The collector also, upon the authority of section 303 of the Tariff Act of 1930, assessed a countervailing duty upon the same to compensate for a bounty in the amount of 5.69 pence per pound. Section 303, in substance, requires the assessment of additional duties upon imported goods upon which any bounty or grant has been paid upon their manufacture, production, or export. The section provides that the countervailing duty to be assessed shall be equal to the amount of such bounty or grant.
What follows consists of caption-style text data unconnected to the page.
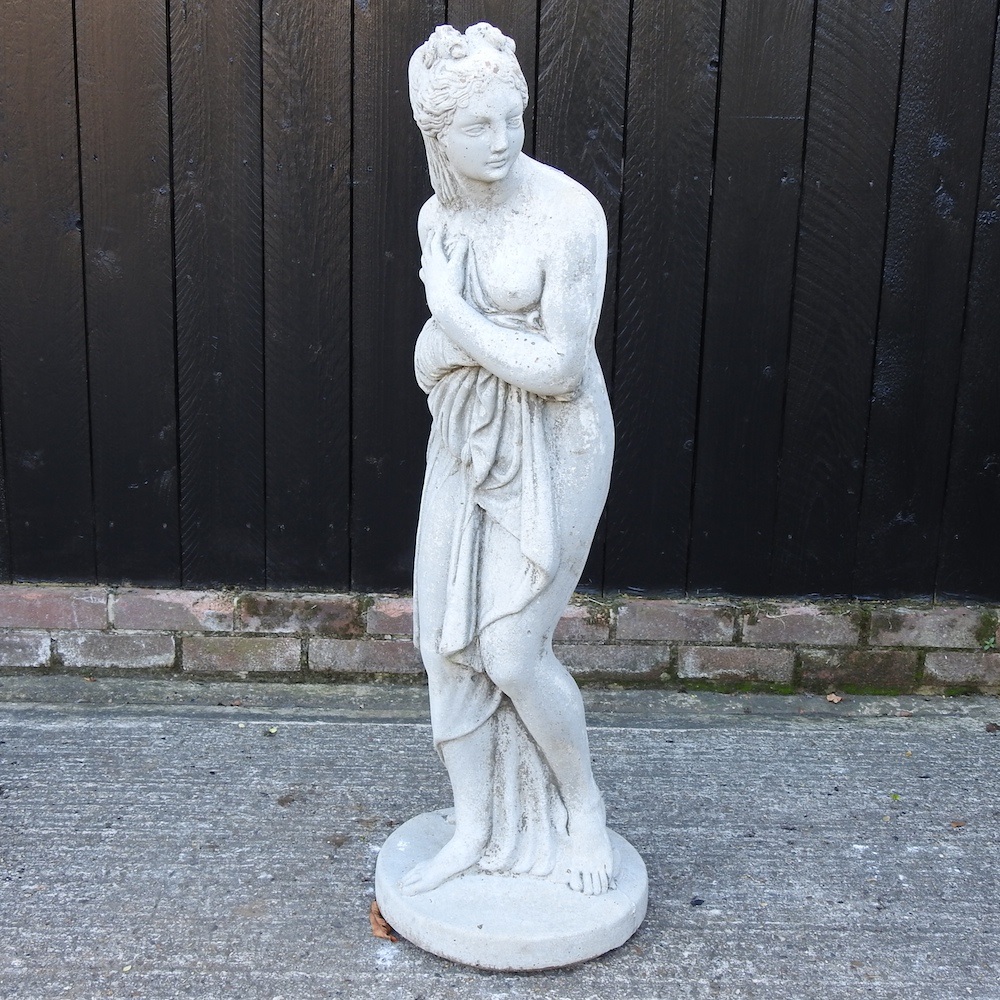 Lot 368 A cast stone garden statue of Miranda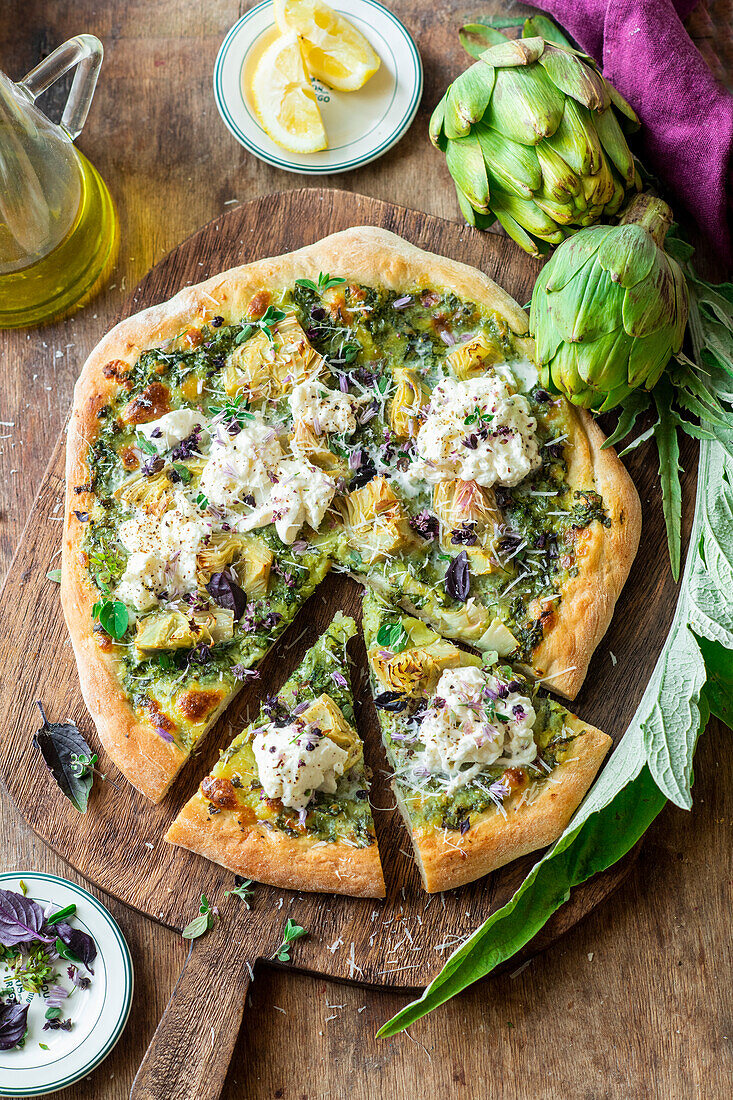 Artichoke pizza with fresh herbs and parmesan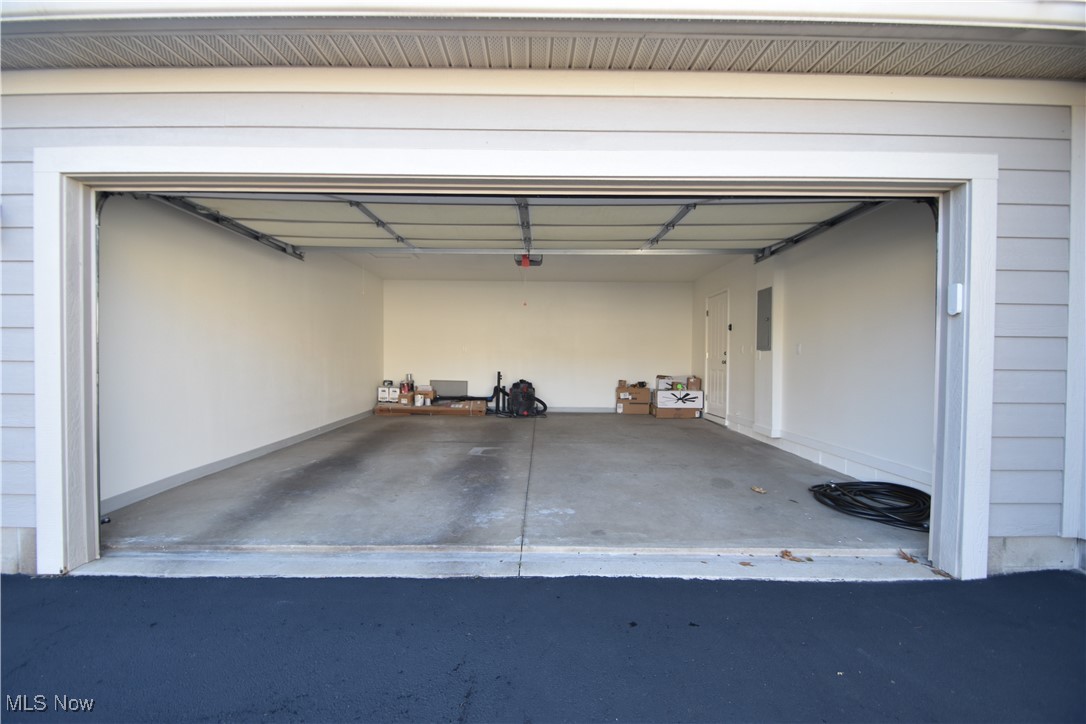 9151 Springfield Road, Unit 1002 Youngstown, OH 44514 - Photo 33 of 38 Garage with a carport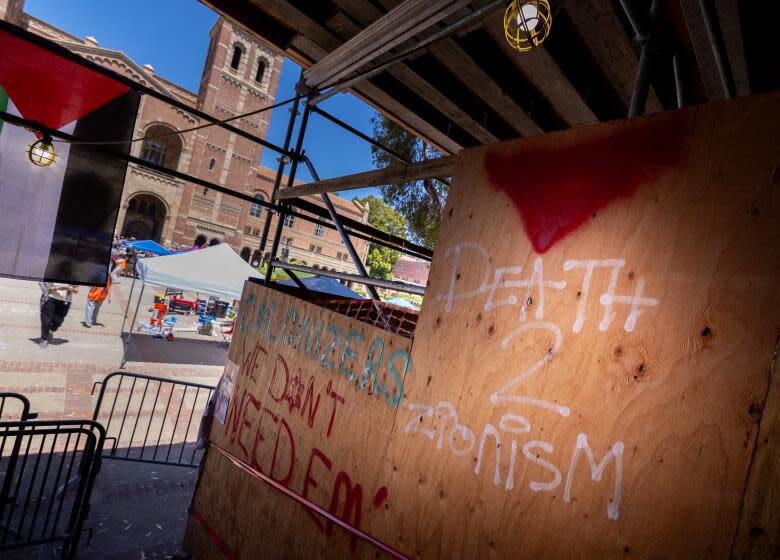 Los Angeles, CA - April 29: Graffiti at the Powell Library on the UCLA campus where pro-Palestinian demonstrators erected an encampment on the on Monday, April 29, 2024 in Los Angeles, CA. (Brian van der Brug / Los Angeles Times)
The importer protested the assessment of the countervailing duty for reasons hereinafter stated. It is conceded that the imported' goods are nets and nettings made on a bobbinet machine, that the assessment of 65 per centum regular duty was proper, and that a countervailing duty of an amount equal to a bounty of 5.69 pence per pound, if applicable, is the correct amount to be assessed.

Before countervailing duties can be properly assessed it is necessary for the Secretary of the Treasury to “ascertain and determine, or estimate, the net amount of each such bounty or grant” and to “declare the net amount so determined or estimated.”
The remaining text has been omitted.